Task statement: Every line below from the one containing "Cobalt Blue Glass" through the one containing "Made in USA" is to be printed exactly, with the pictures omitted.

Task material:
+ + + + +
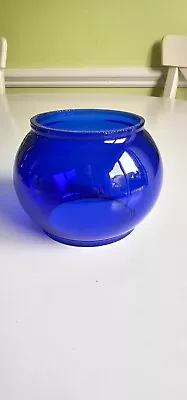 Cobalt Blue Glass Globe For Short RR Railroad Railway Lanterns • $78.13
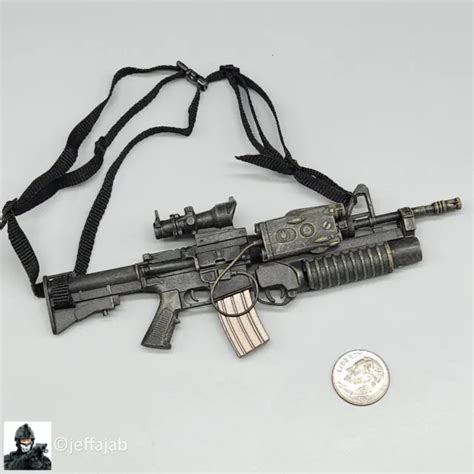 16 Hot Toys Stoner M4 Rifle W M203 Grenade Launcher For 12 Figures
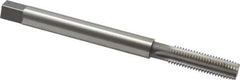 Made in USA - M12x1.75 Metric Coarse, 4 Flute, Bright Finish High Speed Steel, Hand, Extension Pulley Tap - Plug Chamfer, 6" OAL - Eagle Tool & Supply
+ + + + +
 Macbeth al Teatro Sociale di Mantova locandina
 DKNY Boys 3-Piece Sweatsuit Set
+ + + + +
Task response:
 Cobalt Blue Glass Globe For Short RR Railroad Railway Lanterns • $78.13
 16 Hot Toys Stoner M4 Rifle W M203 Grenade Launcher For 12 Figures
 Made in USA - M12x1.75 Metric Coarse, 4 Flute, Bright Finish High Speed Steel, Hand, Extension Pulley Tap - Plug Chamfer, 6" OAL - Eagle Tool & Supply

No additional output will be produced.